▶ _Source information_:
____________

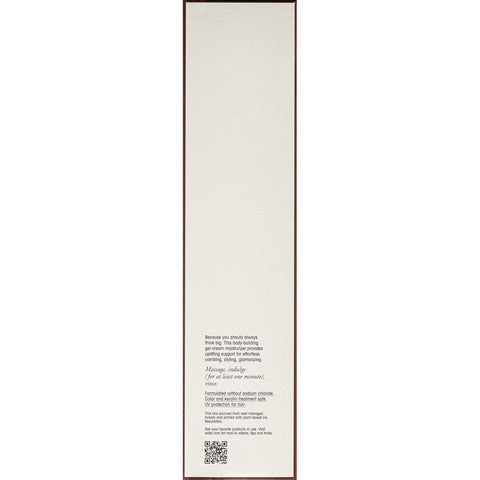 V2H92695E18E89E34CCC61B36E4258942C1R7509190P6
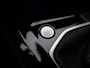 Volkswagen Golf 1.5 TSI R-Line | Wordt Verwacht | Apple Carplay / Android Auto | Parkeersensoren | Sfeerverlichting |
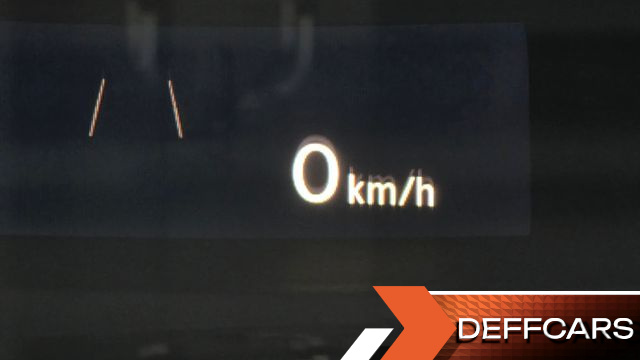 Volkswagen PASSAT 2.0 TDI Prestige купить на сайте DeffCars
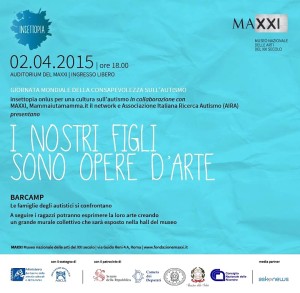 i-nostri-figli-sono-opere-d-arte-MAXXI-2-aprile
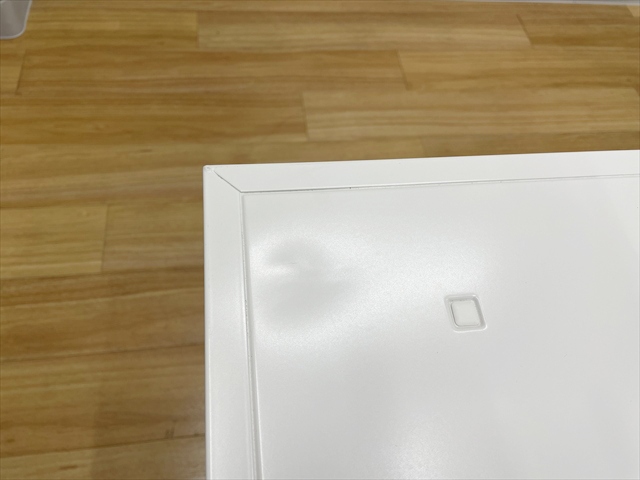 eLrlbg@2i@GfBA@VOx[X^@BWU-L2A39SSAWN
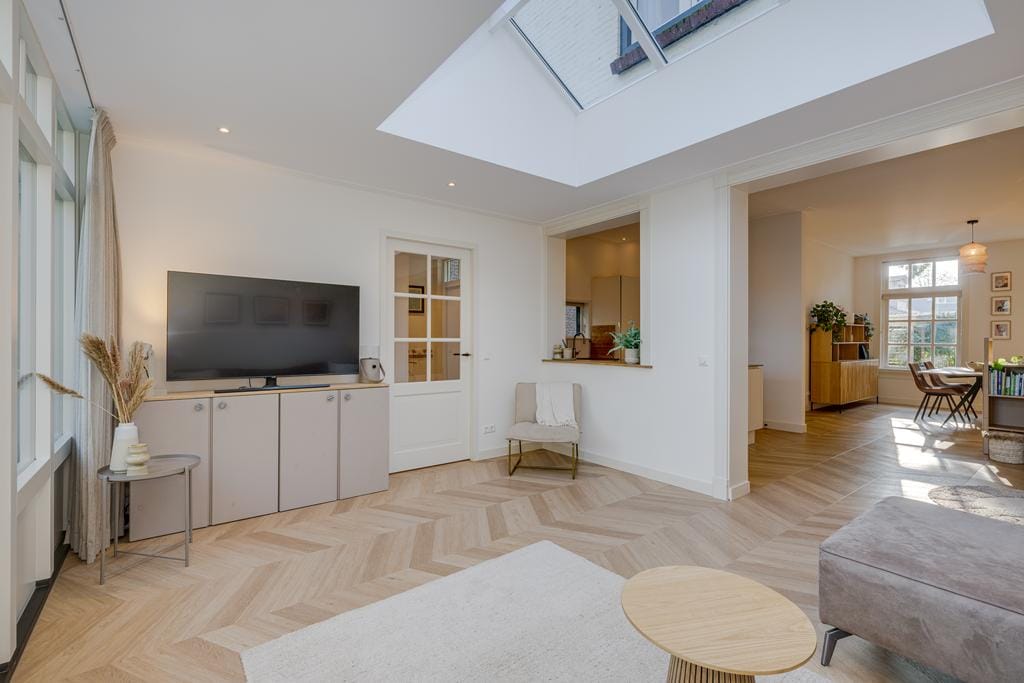 Foto 17 van Papelaan 34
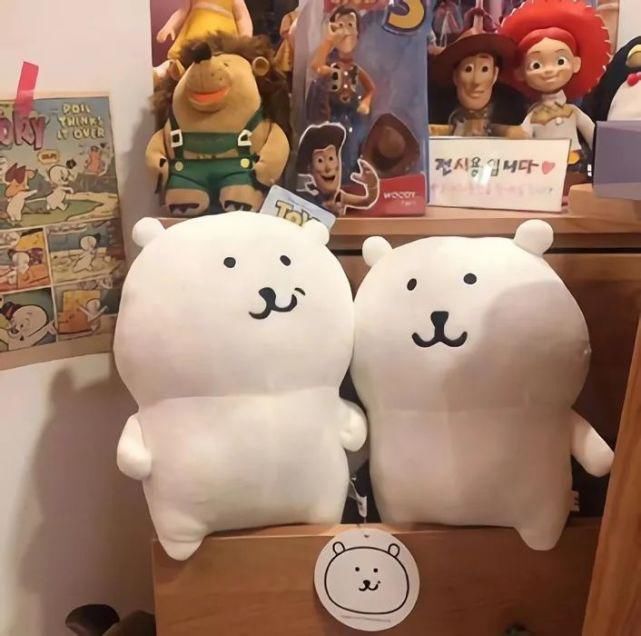  習慣|背景 | “放不下的只是習慣”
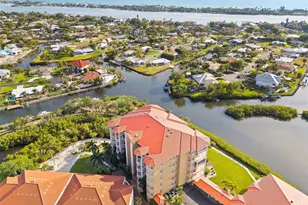 6100 Jessie Harbor Dr, Osprey, FL 34229 - Photo 4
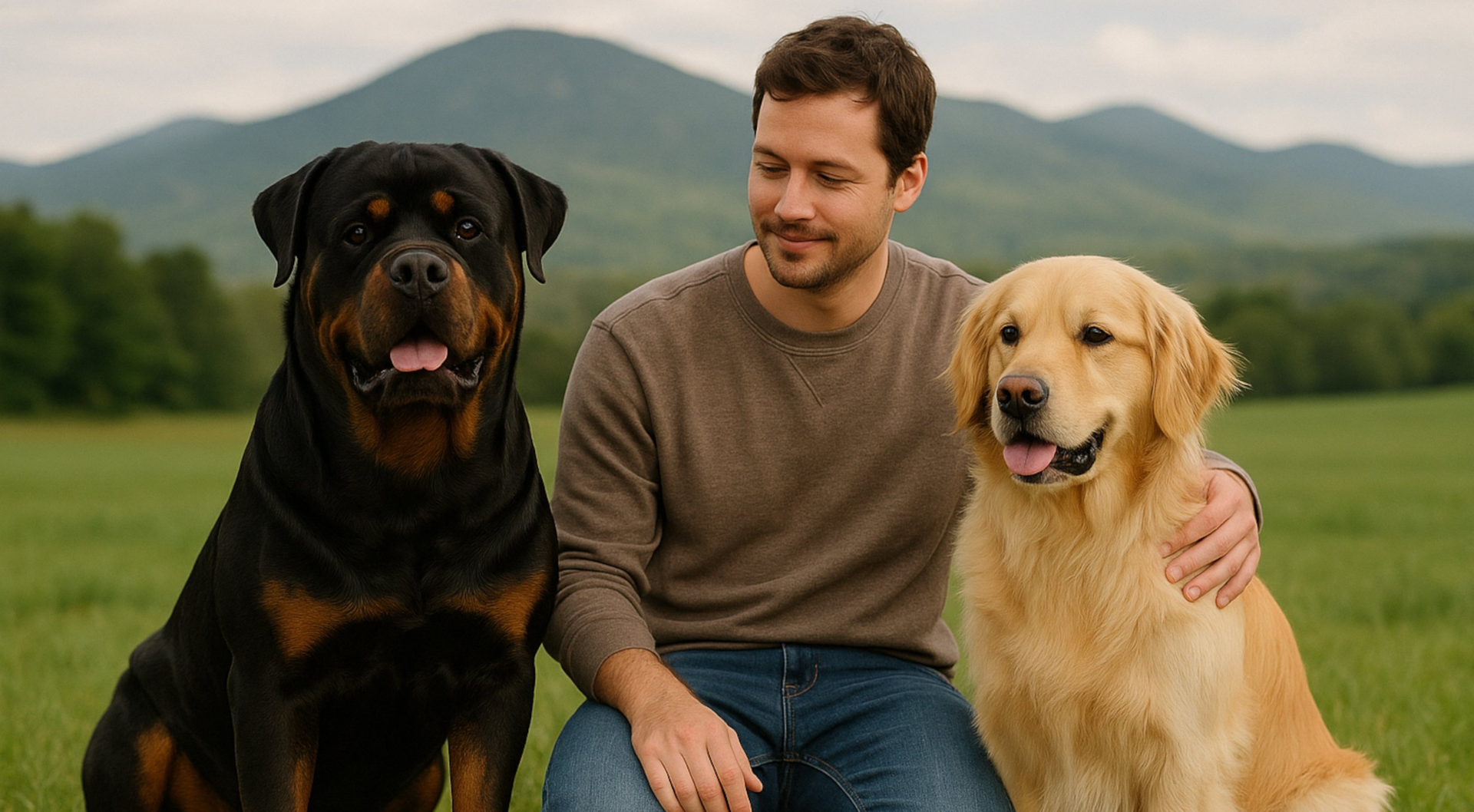 Formation d'aptitude à domicile pour chien catégorisé avec votre éducateur canin le Mans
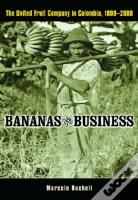 Bananas And Business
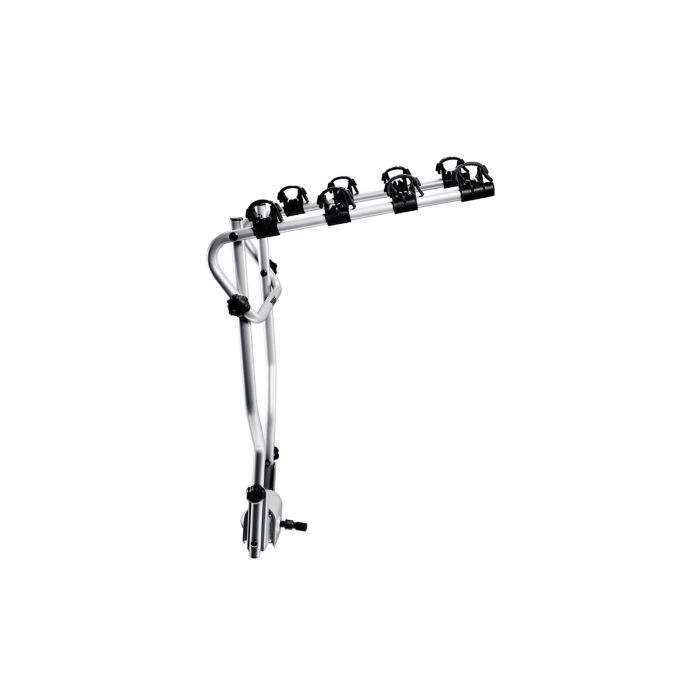 Thule HangOn 4 9708 (69-9708-4B)
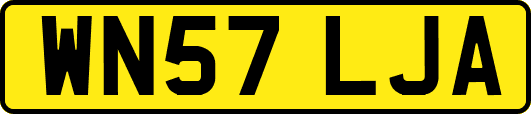 WN57LJA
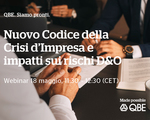 Webinar di Qbe per gli intermediari sul Codice d’Impresa hp_thumb_img
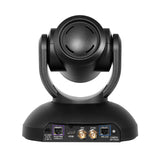 Vaddio RoboSHOT 40 UHD OneLINK HDMI System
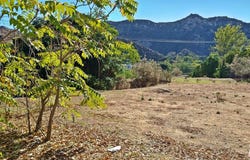 30000 MADISON Way, Val Verde, CA 91384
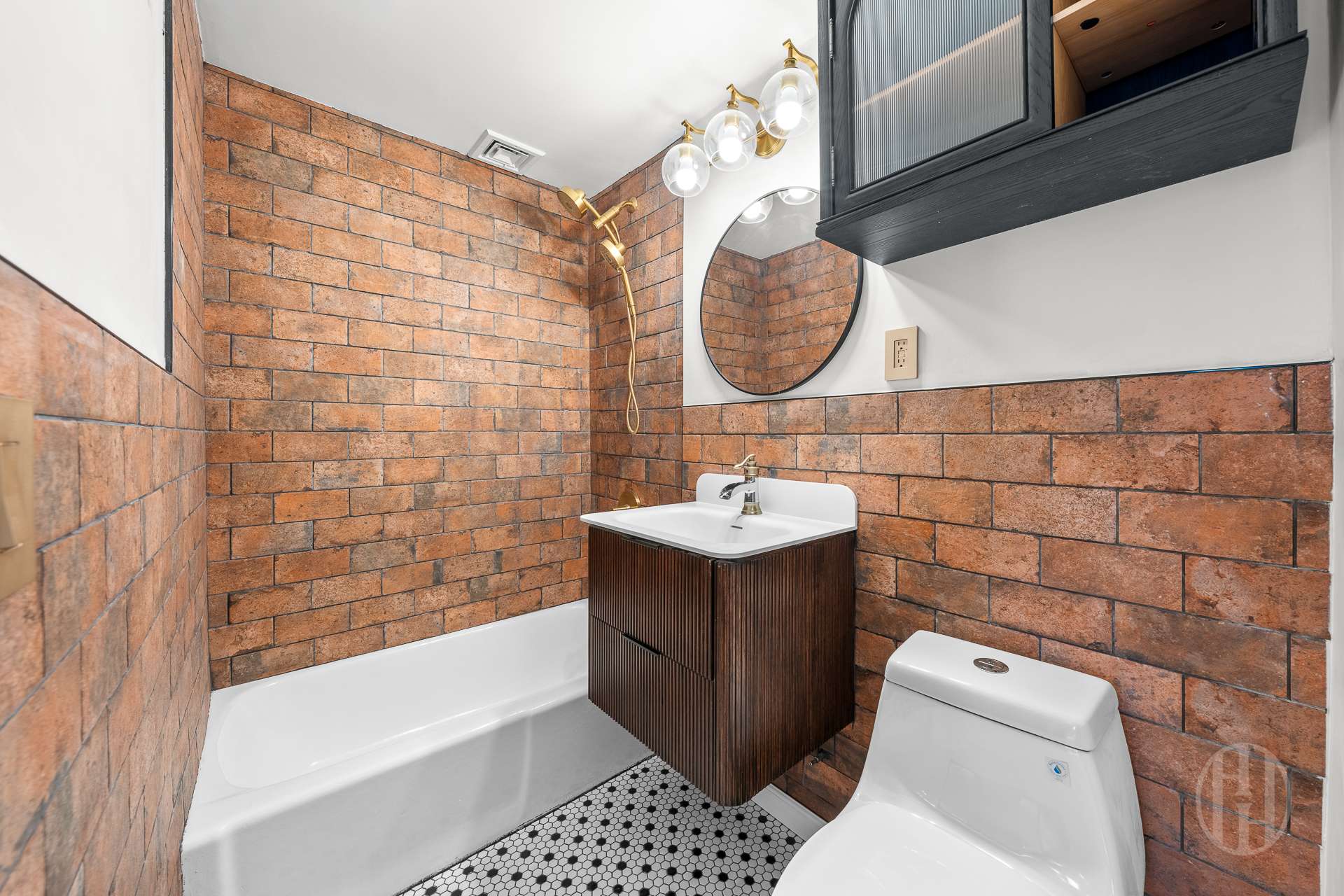 229 E 29th Street 3E
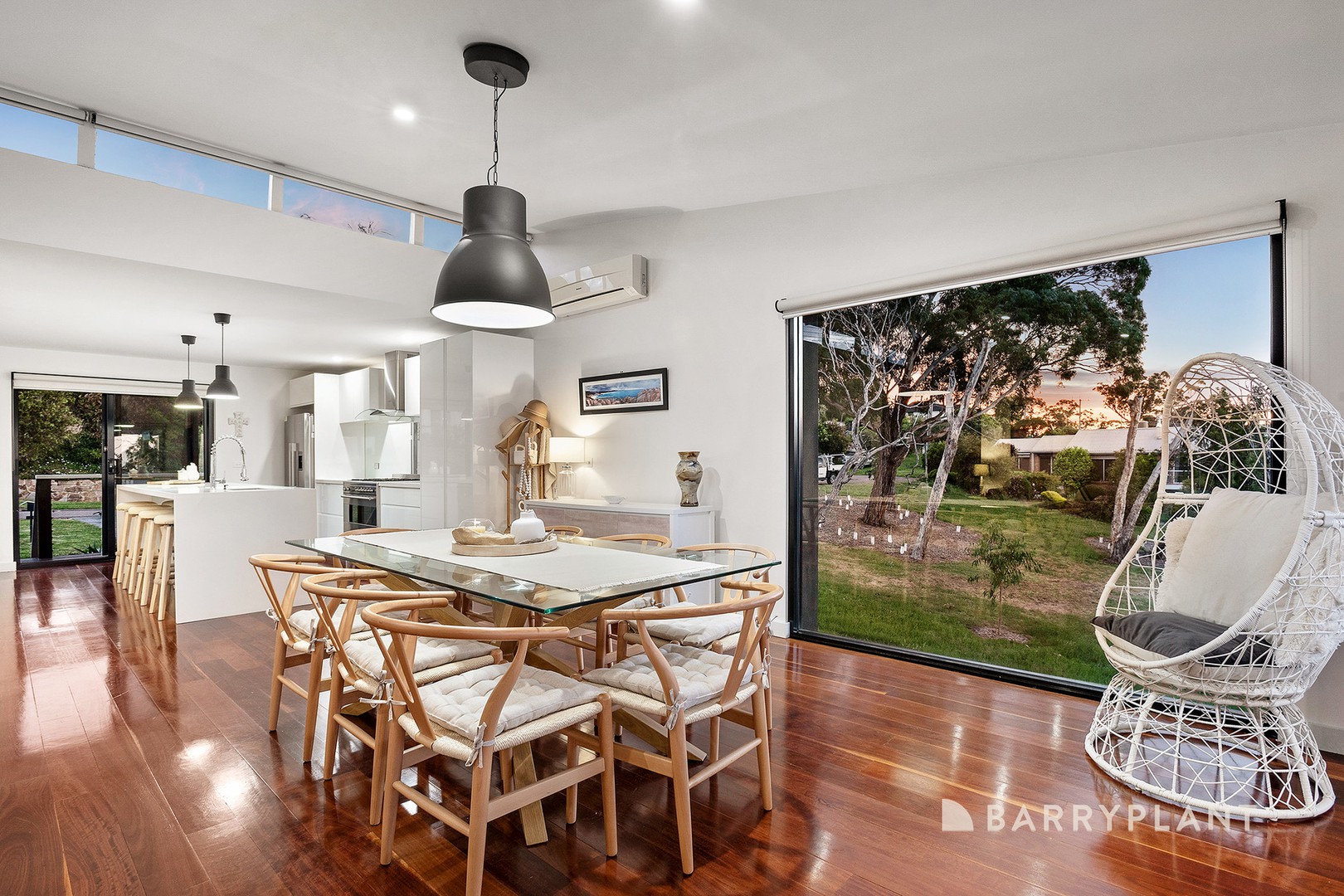 24 Atunga Terrace, Dromana, VIC 3936, Dromana - Thumbnail 8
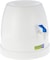 Royalford Water Dispenser - Portable Drinks Beverage Serving Dispenser Tap Juice Water Carrier   Water Tank and Tap for Home Gatherings School Office   Ideal for 15 &amp; 19L Refill Bottles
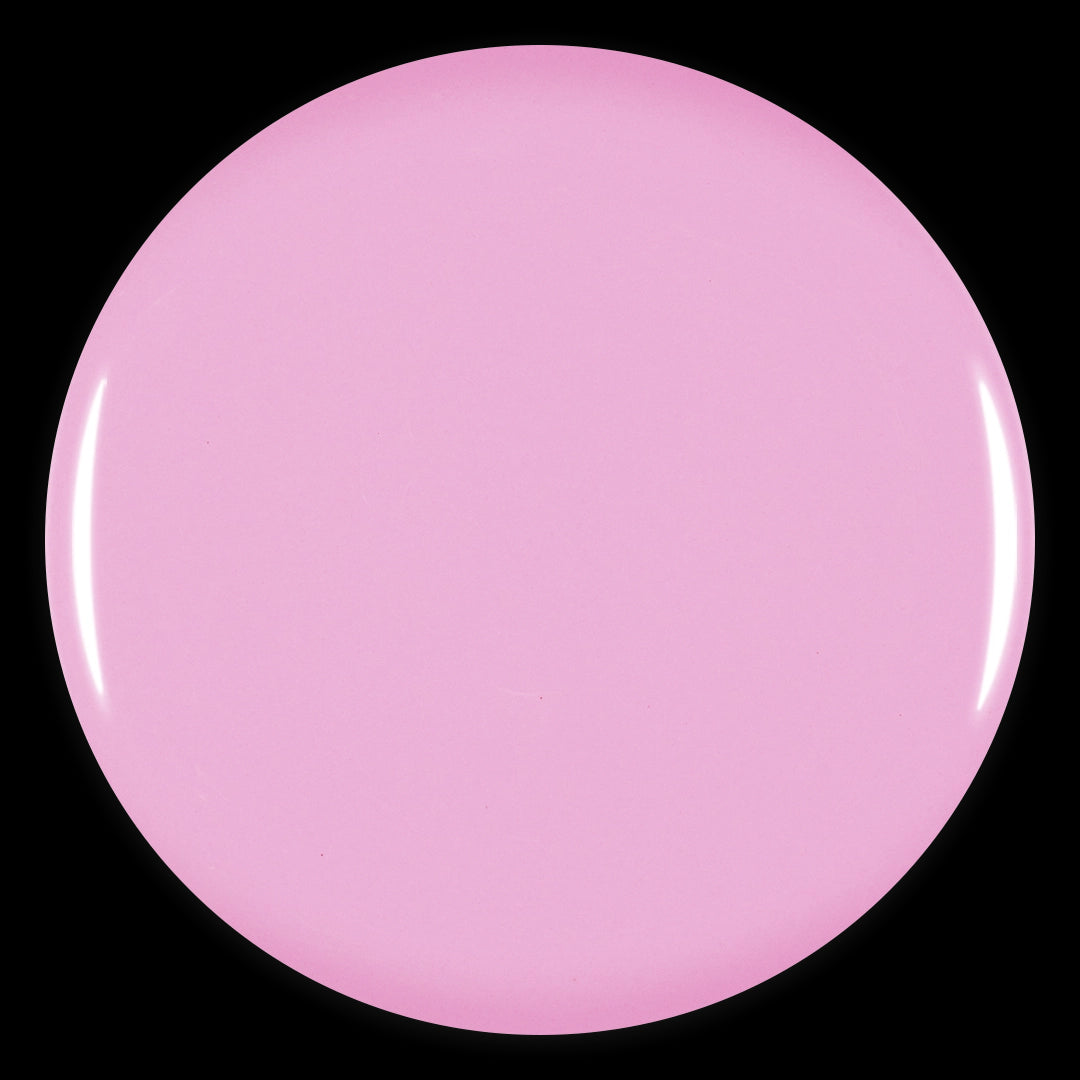 Baby Chic Rose 7ml Pink Mask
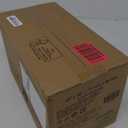 Amazon Basics Puppy Pads with Quick-Dry 5-Layer Leak-Proof Design for Potty Training, X-Large Size 28 x 34 Inch, Pack of 40, Blue & White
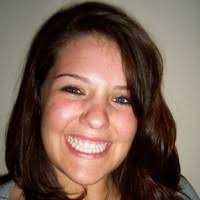 30+ "Alison Odom" profiles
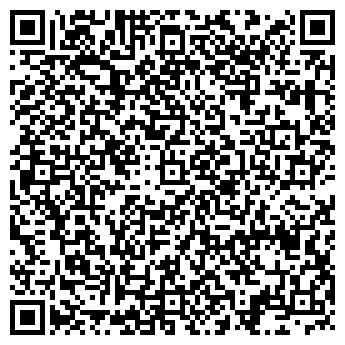 QR-код с контактной информацией организации ООО Майкрософт РУС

____________

Would you set down the entries exactly as given, minus their pictures?

▶ _Output below_:
 V2H92695E18E89E34CCC61B36E4258942C1R7509190P6
 Volkswagen Golf 1.5 TSI R-Line | Wordt Verwacht | Apple Carplay / Android Auto | Parkeersensoren | Sfeerverlichting |
 Volkswagen PASSAT 2.0 TDI Prestige купить на сайте DeffCars
 i-nostri-figli-sono-opere-d-arte-MAXXI-2-aprile
 eLrlbg@2i@GfBA@VOx[X^@BWU-L2A39SSAWN
 Foto 17 van Papelaan 34
  習慣|背景 | “放不下的只是習慣”
 6100 Jessie Harbor Dr, Osprey, FL 34229 - Photo 4
 Formation d'aptitude à domicile pour chien catégorisé avec votre éducateur canin le Mans
 Bananas And Business
 Thule HangOn 4 9708 (69-9708-4B)
 WN57LJA
 Webinar di Qbe per gli intermediari sul Codice d’Impresa hp_thumb_img
 Vaddio RoboSHOT 40 UHD OneLINK HDMI System
 30000 MADISON Way, Val Verde, CA 91384
 229 E 29th Street 3E
 24 Atunga Terrace, Dromana, VIC 3936, Dromana - Thumbnail 8
 Royalford Water Dispenser - Portable Drinks Beverage Serving Dispenser Tap Juice Water Carrier   Water Tank and Tap for Home Gatherings School Office   Ideal for 15 &amp; 19L Refill Bottles
 Baby Chic Rose 7ml Pink Mask
 Amazon Basics Puppy Pads with Quick-Dry 5-Layer Leak-Proof Design for Potty Training, X-Large Size 28 x 34 Inch, Pack of 40, Blue & White
 30+ "Alison Odom" profiles
 QR-код с контактной информацией организации ООО Майкрософт РУС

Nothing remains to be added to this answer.